“I personally can’t imagine a more important initiative right now in the world.”
This was the response of Deborah Savage to the question, “What do you think of the Catholic Women’s Forum?” Savage is a philosophy and theology professor at the St. Paul Seminary at the University of St. Thomas in St. Paul, Minnesota, as well as director and co-founder of the Siena Symposium, a Catholic think-tank.

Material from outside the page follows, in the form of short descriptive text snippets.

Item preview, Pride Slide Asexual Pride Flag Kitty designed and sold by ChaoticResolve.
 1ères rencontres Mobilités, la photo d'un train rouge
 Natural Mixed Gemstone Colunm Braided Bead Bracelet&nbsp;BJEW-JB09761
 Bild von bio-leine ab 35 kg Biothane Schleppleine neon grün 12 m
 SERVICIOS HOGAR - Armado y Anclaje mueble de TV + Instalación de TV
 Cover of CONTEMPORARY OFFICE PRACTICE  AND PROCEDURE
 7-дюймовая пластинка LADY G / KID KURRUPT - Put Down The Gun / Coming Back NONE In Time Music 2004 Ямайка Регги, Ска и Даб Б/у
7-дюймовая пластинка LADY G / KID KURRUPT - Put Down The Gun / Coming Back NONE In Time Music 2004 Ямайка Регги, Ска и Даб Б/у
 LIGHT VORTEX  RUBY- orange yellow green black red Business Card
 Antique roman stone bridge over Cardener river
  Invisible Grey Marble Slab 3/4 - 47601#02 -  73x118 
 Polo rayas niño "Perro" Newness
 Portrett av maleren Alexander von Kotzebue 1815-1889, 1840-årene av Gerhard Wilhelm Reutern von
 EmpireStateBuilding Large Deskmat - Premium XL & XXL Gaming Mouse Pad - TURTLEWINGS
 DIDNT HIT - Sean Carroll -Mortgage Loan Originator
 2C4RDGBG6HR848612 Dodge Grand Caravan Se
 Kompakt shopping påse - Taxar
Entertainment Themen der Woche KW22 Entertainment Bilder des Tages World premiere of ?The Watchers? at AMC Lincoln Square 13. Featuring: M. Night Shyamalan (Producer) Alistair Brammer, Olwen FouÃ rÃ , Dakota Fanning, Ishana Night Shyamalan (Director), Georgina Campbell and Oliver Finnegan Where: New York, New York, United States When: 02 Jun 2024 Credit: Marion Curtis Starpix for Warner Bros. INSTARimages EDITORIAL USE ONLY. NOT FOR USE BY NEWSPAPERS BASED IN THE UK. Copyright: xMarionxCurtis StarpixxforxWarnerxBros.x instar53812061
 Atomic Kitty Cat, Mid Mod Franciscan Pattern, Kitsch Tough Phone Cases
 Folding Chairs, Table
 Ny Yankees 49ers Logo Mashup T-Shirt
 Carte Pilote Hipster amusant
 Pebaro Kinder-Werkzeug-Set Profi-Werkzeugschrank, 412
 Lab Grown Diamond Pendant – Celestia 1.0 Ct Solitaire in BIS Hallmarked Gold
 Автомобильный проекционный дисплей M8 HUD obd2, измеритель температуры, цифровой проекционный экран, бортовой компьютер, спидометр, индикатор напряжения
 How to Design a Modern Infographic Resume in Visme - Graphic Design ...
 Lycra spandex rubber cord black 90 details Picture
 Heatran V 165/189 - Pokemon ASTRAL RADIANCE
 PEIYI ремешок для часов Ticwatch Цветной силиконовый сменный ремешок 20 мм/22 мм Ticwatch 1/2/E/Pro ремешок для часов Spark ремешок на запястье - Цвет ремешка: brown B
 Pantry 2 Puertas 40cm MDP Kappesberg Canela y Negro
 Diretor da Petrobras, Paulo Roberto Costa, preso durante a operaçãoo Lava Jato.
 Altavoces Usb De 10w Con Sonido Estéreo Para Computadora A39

An initiative of the Ethics and Public Policy Center in Washington, DC, the Catholic Women’s Forum (CWF) is described on its website as “an international network of Catholic women that responds to Pope Francis’ call for women to be a ‘more effective presence’ in the Church and in the world.” The mission of the CWF is “to amplify the voice of Catholic women—within the culture and the Church—in support of Catholic teachings”; CWF seeks “to engage the culture, serve the Church, and collaborate for more effective evangelization.”
The inspiration
The CWF was founded by Mary Rice Hasson, the Kate O’Beirne Fellow at the Ethics and Public Policy Center and director of the CWF, and Helen M. Alvaré, Professor of Law at the Scalia Law School at George Mason University and chair of the CWF’s Advisory Council. The CWF arose from a symposium on women and the Church that Hasson and Alvaré organized in 2014.
“Many of us [now in the CWF] were serving the Church in different ways on our own, from the time of John Paul II through Benedict,” Hasson told Catholic World Report. “When Pope Francis became pope and said he intended to create new opportunities for women in the Church, Helen Alvaré and I talked about the need to connect Catholic women scholars who support Catholic teachings and really bring those voices forward.”
“Complementarity is real, and the Church’s work needs the contributions of both men and women,” Hasson said. “Too often, unfortunately, it has seemed that the loudest Catholic women’s voices either were dissenting from Church teaching or advocating for changes not in line with Church teaching. But there are many brilliant Catholic women who support Catholic teaching, have fresh insights to offer, and are deeply engaged in the Church’s work, so we felt the time was right for us to bring that forward.”
The mainstream media has played a significant role in making dissenting female voices the loudest. For decades, they have been boosting the voices of women who claim to represent the Catholic Church while opposing Church teaching. Rosemary Radford Ruether, for instance, was long the go-to female Catholic expert for the secular media, though she not only dissented from the Church’s teachings on women, she didn’t even accept something as fundamental to Christianity as the Resurrection of Jesus Christ.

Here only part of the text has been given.